Image by: The Foreign and Commonwealth Office

Image by: The Foreign and Commonwealth Office

Rory Stewart is a Conservative MP for Penrith and the Border. He is also a traveller, senior diplomat, academic, founder of a charity, author and documentary maker. He has won numerous awards and was appointed OBE in 2004. As a governor in Iraq, Stewart’s responsibilities included holding elections, implementing development projects and resolving tribal disputes. He founded the human development NGO, the Turquoise Mountain Foundation, taught Human Rights and Intervention at Harvard University and published an award-winning book on his 6,000-mile hike through countries including Iraq and Pakistan.

Why Did Theresa May Move Him?

Before May’s reshuffle, Stewart was minister of state, working across the Foreign Office and Department for International Development. Given his experience as a former governor in Iraq and diplomat in Montenegro, he was considered well-matched to the role, and his appointment as prisons minister left some commentators scratching their heads.

“Rory Stewart one of parliament’s few foreign policy specialists currently writing new government Africa strategy from perch at Dfid, is incarcerated as prisons minister,” said the Guardian’s Patrick Wintour. “Act of spite or idiocy. No third option.”

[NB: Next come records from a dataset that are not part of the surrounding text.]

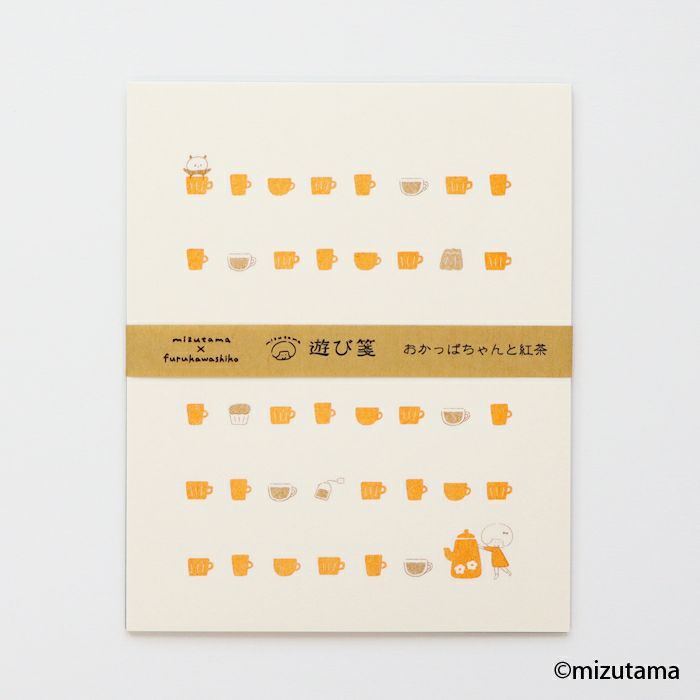 ｵﾝﾗｲﾝ限定 遊び箋 おかっぱちゃんと紅茶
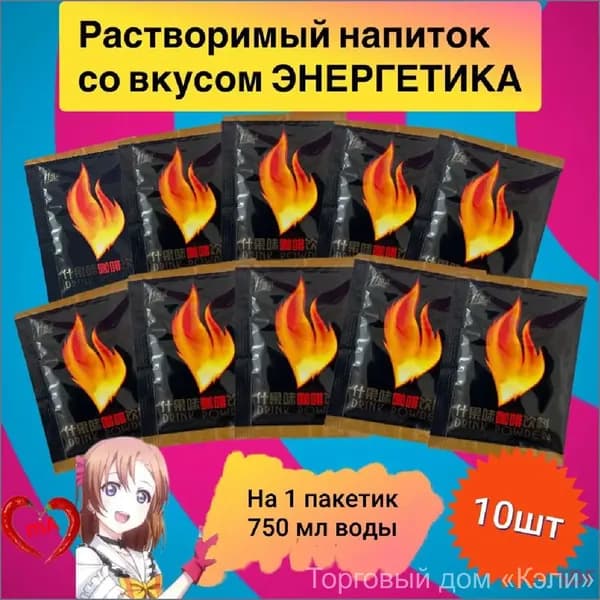 Растворимый напиток со вкусом энергетика. 10 шт.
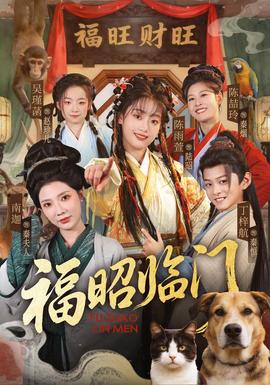 福昭临门全集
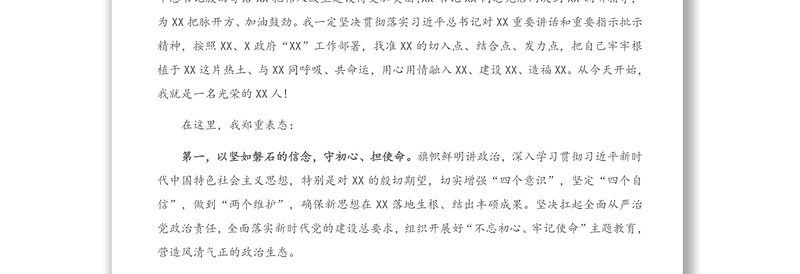 领导干部任职表态发言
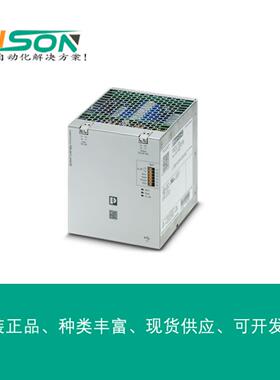 菲尼克斯 电容缓冲模块2320571│QUINT4-CAP24DC108KJ导轨询价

The Sun’s Tom Newton Dunn said moving Stewart “topped the lot” of all the odd decisions made in the reshuffle.

Promise of Clean, Safe Prisons

Following a damning report on rat-infested HMP Liverpool, Stewart promised to “get back to basics” and ensure clean, safe jails across England and Wales. Inspectors said the conditions at Liverpool Prison were the worst they had ever seen, with cockroaches, piles of rubbish, drugs and violence. Stewart visited the jail, where almost every cell window was broken on one wing.

He said he disagreed with previous prison ministers, who had felt that it was not their job to get involved in the running of prisons.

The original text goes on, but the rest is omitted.